Protesters outside a brown building hold signs, including one that reads “Bring home Kilmar Abrega-Garcia” and another that says “Destruction Of Government by Elon Musk Hell NO!!!”
Protesting outside the Federal District Court in Greenbelt, Md., in April.Credit...Rod Lamkey Jr. for The New York Times

Alan FeuerMinho Kim

By Alan Feuer and Minho Kim

Alan Feuer reported from New York, and Minho Kim from Greenbelt, Md.

July 7, 2025Updated 5:42 p.m. ET

The Justice Department said on Monday that Trump officials would immediately begin the process of expelling Kilmar Armando Abrego Garcia from the country again if he is released from custody next week on charges filed after his wrongful deportation to El Salvador in March.

That plan, laid out by a Justice Department lawyer at a hearing in Federal District Court in Maryland, directly contradicted a statement by the White House last month describing the possibility that the administration might re-deport Mr.

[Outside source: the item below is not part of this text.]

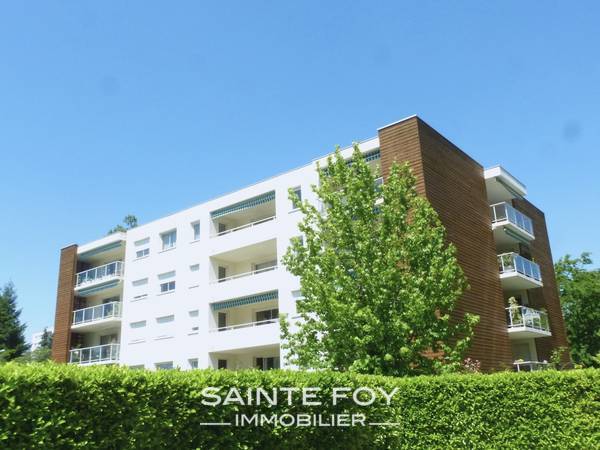 125840 image9 - Sainte Foy Immobilier - Ce sont des agences immobilières dans l'Ouest Lyonnais spécialisées dans la location de maison ou d'appartement et la vente de propriété de prestige.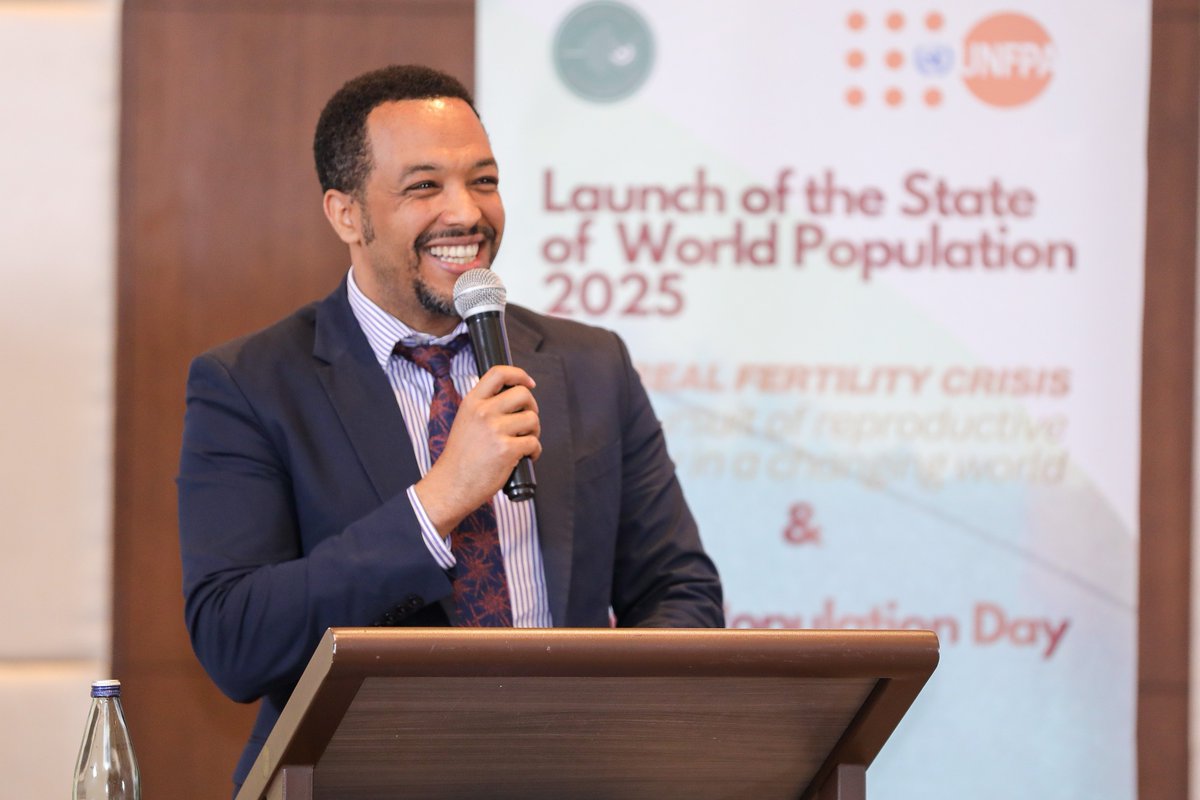 UNFPAEthiopia's tweet image. Happening Now!
Launch of #SWP2025 & #WPD2025 celebrations.
H.E. @dereje_dugumaMD, State Minister @FMoHealth & H.E. Huria Ali Mahdi, State Minister @Mowsaofficia emphasized on improving access to reproductive health services & information to support informed choices.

Abrego Garcia as “fake news.”

At the hearing, Judge Paula Xinis, who is overseeing the original civil case emerging from the wrongful deportation, expressed frustration at the government’s shifting statements about its plans to handle Mr. Abrego Garcia. The statements in court by the Justice Department lawyer, Jonathan Guynn, further muddied an already unclear picture of Mr. Abrego Garcia’s future after the administration abruptly returned him to the United States last month to face criminal charges.

At one point, Judge Xinis compared getting certain answers out of the government to “nailing Jell-O to a wall.” At another point, she described the “complete chaos” that had arisen from Mr. Abrego Garcia’s being “caught” between his civil case in Maryland and his criminal case in Federal District Court in Nashville.

Mr. Abrego Garcia is in custody in Nashville, where he has been indicted on charges of taking part in a yearslong conspiracy to smuggle undocumented immigrants across the United States. Even though a federal magistrate judge has said he can go free because he was not a flight risk or a danger to the community, his lawyers asked that he remain locked up for the moment, fearing that the administration might seek to deport him again.

There has been persistent confusion about what might happen to Mr. Abrego Garcia almost from the moment he was brought back from his erroneous expulsion to El Salvador.